現在、稲荷山支群の皇子塚古墳、平井地区1号墳、白石稲荷山古墳を含む地区を中心として、七輿山支群の南部、七輿山古墳を含む地域一帯が、毛野国白石丘陵公園として整備を進められている。

▲「毛野国白石丘陵公園」古墳分布図
藤岡市の計画図を利用して独自に作成
【稲荷山古墳】 1935年(昭和10年)の群馬県下の古墳の一斉調査では、旧多野郡平井村には643基、字白石に絞っても178基もの古墳が
確認された古墳密集地域であり、この稲荷山は平井村576号古墳と採番されている。
白石古墳群の盟主的存在で、6基確認されている前方後円墳の中でも、最初に造られたものと推定されている。
2019年、藤岡市、早稲田大学、群馬県立歴史博物館の合同で、最新のデジタル3次元(3D)測量と地中レーダー探査(GPR)に非破壊調査が行われた結果、墳丘は三段築造
で、それまで想定されていたよりも短い墳丘長(155m)と判明した。
5世紀初頭のものとしては東日本で5番目の規模である。
【二基の竪穴式礫槨 + 粘土槨】
1933年(昭和8年)の調査により、後円部墳頂で東西2基の竪穴式礫槨が検出されている。
東北から西南に向けて、主軸より10度前後東に傾いて、2基が平行している。
2基の間隔があいているため、中央にもう一基あるのではないかと推測されていたが、調査の結果、否定された。
東槨は調査の半年前、「稲荷山開墾組合」の発掘によって主要な部分が破壊されてしまっていたため、再度の発掘でも不明な点が多かったという。
2基は長大なもので、礫槨と竪穴式石室の性質を併せ持つ特殊な造りとなっており、礫槨から竪穴式石室へと移行していく過渡期のものなのかもしれない。
主体部からは鏡や直刀、石枕(いしまくら)、鎌、下駄などの石製模造品など、多くの遺物が出土した。

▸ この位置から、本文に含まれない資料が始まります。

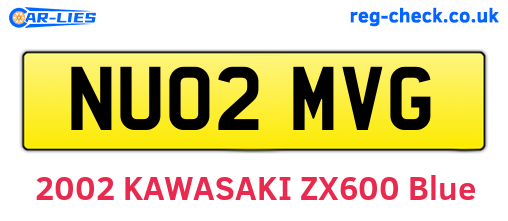 NU02MVG are the vehicle registration plates.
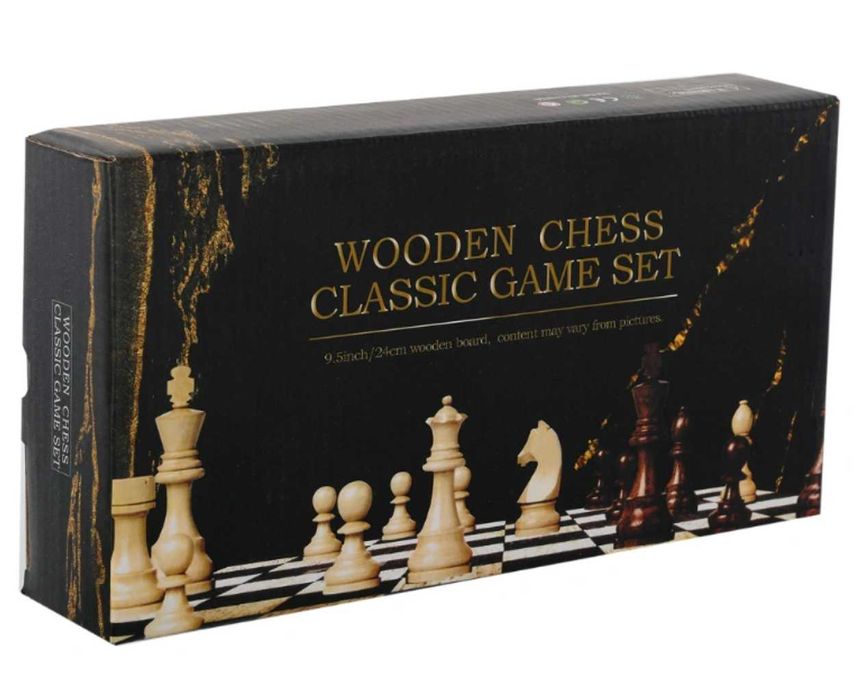 ЛУКСОЗЕН ДЪРВЕН МАГНИТЕН ШАХ 2в1 – ПЕРФЕКТЕН ПОДАРЪК | 39.5см.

また、主体部の上に設置してあった、豪族の館を思わせる家形埴輪(寄棟造倉庫よせむねづくりそうこ)などは有名である。
(右の解説版の写真)
前述した2019年の最新の非破壊調査では前方部にも粘土槨と推定される埋葬施設が確認され、確認された埋葬施設は3基となった。
今後、発掘調査が行われることを期待する。
【2基の陪塚を伴う】
北に周堀を接するように十二天塚、十二天塚北古墳の2基の陪塚が存在している。
2基はかつて、一つの前方後円墳としてとらえられていたが、調査により、2基の方墳(2019年の最新の調査では円墳であると判明)とされ、白石稲荷山古墳の陪塚として3基一括して、国の史跡に指定された。